** Information provided **
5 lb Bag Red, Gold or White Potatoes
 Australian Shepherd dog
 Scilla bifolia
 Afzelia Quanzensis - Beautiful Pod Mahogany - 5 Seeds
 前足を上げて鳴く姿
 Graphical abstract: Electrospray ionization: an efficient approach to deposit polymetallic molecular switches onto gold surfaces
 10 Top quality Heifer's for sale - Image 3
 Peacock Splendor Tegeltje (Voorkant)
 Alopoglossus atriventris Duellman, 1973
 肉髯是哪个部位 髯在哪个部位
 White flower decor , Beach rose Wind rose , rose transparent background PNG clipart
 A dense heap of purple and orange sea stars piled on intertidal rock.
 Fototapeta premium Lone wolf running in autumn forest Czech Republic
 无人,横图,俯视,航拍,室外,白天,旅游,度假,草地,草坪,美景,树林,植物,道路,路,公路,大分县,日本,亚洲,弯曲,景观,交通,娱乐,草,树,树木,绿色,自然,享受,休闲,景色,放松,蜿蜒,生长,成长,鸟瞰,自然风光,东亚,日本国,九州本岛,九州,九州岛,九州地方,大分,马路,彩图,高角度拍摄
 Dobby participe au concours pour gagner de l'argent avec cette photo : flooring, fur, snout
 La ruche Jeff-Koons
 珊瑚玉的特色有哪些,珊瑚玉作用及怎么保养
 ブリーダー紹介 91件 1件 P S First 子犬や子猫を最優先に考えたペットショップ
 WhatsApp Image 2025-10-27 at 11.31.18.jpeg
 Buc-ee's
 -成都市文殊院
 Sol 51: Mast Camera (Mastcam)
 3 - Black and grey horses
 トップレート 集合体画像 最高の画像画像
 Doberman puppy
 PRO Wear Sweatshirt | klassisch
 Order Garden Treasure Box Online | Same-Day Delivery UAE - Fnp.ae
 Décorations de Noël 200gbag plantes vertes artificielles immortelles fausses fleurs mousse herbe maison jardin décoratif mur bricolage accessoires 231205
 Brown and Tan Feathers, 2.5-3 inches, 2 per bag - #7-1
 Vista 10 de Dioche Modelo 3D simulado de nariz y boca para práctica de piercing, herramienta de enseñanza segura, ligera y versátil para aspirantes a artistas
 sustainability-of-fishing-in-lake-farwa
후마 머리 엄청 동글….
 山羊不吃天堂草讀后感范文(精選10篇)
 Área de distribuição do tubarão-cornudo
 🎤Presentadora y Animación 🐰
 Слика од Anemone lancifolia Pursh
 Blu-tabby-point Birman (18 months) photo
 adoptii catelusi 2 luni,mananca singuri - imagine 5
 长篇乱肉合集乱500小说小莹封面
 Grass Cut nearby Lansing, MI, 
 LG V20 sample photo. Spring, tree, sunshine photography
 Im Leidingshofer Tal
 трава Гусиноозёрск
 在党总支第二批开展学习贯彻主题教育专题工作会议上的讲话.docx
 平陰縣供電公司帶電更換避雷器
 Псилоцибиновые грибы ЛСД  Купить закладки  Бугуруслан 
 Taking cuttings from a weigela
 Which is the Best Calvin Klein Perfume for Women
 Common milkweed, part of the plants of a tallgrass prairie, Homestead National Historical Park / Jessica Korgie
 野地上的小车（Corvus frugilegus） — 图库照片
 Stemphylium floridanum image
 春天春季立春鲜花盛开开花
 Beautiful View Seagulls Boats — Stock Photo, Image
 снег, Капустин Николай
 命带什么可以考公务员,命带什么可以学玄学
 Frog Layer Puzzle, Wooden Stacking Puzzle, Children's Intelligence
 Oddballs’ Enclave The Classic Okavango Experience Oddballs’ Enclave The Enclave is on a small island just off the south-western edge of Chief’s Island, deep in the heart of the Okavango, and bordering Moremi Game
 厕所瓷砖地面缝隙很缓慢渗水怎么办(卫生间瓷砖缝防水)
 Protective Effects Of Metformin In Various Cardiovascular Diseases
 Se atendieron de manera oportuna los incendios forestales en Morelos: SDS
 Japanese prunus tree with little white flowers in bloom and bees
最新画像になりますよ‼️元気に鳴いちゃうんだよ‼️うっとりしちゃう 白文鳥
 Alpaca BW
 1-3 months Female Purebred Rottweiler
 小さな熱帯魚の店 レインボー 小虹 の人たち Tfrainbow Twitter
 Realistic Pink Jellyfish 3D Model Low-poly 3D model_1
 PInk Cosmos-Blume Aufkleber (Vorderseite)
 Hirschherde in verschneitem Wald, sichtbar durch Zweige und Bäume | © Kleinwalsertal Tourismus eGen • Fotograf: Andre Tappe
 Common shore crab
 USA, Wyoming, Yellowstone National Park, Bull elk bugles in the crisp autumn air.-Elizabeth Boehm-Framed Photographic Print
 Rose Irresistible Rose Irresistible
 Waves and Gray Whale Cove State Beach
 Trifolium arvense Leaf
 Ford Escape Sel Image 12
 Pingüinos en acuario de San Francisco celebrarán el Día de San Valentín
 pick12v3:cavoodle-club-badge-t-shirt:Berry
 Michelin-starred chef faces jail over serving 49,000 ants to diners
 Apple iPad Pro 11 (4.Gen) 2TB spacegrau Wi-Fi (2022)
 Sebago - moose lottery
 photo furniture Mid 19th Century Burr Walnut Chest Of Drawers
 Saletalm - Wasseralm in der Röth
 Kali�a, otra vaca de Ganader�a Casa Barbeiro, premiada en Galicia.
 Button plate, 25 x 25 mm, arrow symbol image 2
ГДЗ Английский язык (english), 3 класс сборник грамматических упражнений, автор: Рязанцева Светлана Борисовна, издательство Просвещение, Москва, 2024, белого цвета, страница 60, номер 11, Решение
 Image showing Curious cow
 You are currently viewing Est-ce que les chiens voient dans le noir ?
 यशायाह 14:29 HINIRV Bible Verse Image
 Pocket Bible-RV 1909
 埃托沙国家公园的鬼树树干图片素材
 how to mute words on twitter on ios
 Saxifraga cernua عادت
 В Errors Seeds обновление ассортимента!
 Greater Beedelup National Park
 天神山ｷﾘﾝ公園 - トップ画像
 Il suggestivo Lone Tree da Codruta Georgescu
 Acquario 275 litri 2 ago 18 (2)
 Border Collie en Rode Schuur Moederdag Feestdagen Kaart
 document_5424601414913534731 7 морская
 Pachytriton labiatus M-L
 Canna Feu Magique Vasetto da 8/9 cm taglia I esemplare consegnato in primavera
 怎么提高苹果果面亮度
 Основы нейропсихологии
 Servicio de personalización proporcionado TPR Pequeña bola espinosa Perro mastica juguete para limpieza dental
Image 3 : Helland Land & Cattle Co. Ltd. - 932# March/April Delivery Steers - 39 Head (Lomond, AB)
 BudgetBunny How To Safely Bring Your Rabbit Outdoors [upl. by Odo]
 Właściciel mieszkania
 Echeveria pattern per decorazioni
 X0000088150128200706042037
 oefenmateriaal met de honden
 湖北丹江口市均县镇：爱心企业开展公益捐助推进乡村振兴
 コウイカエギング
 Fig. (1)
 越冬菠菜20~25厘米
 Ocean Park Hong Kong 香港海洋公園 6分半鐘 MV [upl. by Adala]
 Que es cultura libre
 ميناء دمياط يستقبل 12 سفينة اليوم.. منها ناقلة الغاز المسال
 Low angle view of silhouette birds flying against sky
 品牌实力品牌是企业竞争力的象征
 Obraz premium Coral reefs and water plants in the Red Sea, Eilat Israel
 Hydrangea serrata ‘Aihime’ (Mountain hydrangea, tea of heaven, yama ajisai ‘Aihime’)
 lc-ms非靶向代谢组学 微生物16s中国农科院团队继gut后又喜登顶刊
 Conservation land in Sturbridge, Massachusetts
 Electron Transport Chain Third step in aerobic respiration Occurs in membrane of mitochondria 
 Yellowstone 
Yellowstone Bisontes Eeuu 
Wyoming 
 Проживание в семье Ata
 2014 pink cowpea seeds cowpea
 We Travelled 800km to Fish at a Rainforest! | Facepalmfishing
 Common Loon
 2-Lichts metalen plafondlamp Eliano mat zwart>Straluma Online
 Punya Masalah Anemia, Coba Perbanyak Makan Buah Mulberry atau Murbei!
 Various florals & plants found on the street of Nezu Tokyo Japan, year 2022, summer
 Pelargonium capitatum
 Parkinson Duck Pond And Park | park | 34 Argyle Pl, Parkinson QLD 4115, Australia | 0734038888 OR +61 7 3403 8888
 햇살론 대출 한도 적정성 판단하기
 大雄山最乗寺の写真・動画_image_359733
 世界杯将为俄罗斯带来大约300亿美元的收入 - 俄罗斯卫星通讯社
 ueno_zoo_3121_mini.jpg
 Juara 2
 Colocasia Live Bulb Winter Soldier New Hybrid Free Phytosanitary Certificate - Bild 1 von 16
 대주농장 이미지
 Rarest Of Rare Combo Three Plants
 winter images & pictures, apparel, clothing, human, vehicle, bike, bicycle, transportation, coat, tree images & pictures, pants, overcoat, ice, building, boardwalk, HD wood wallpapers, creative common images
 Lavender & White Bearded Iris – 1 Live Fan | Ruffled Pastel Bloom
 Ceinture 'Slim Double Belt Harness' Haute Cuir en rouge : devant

** How to complete this task **
Copy each line in the entries above where the word "Yellowstone" shows up.

** Result of the task **
 USA, Wyoming, Yellowstone National Park, Bull elk bugles in the crisp autumn air.-Elizabeth Boehm-Framed Photographic Print
 Yellowstone 
Yellowstone Bisontes Eeuu 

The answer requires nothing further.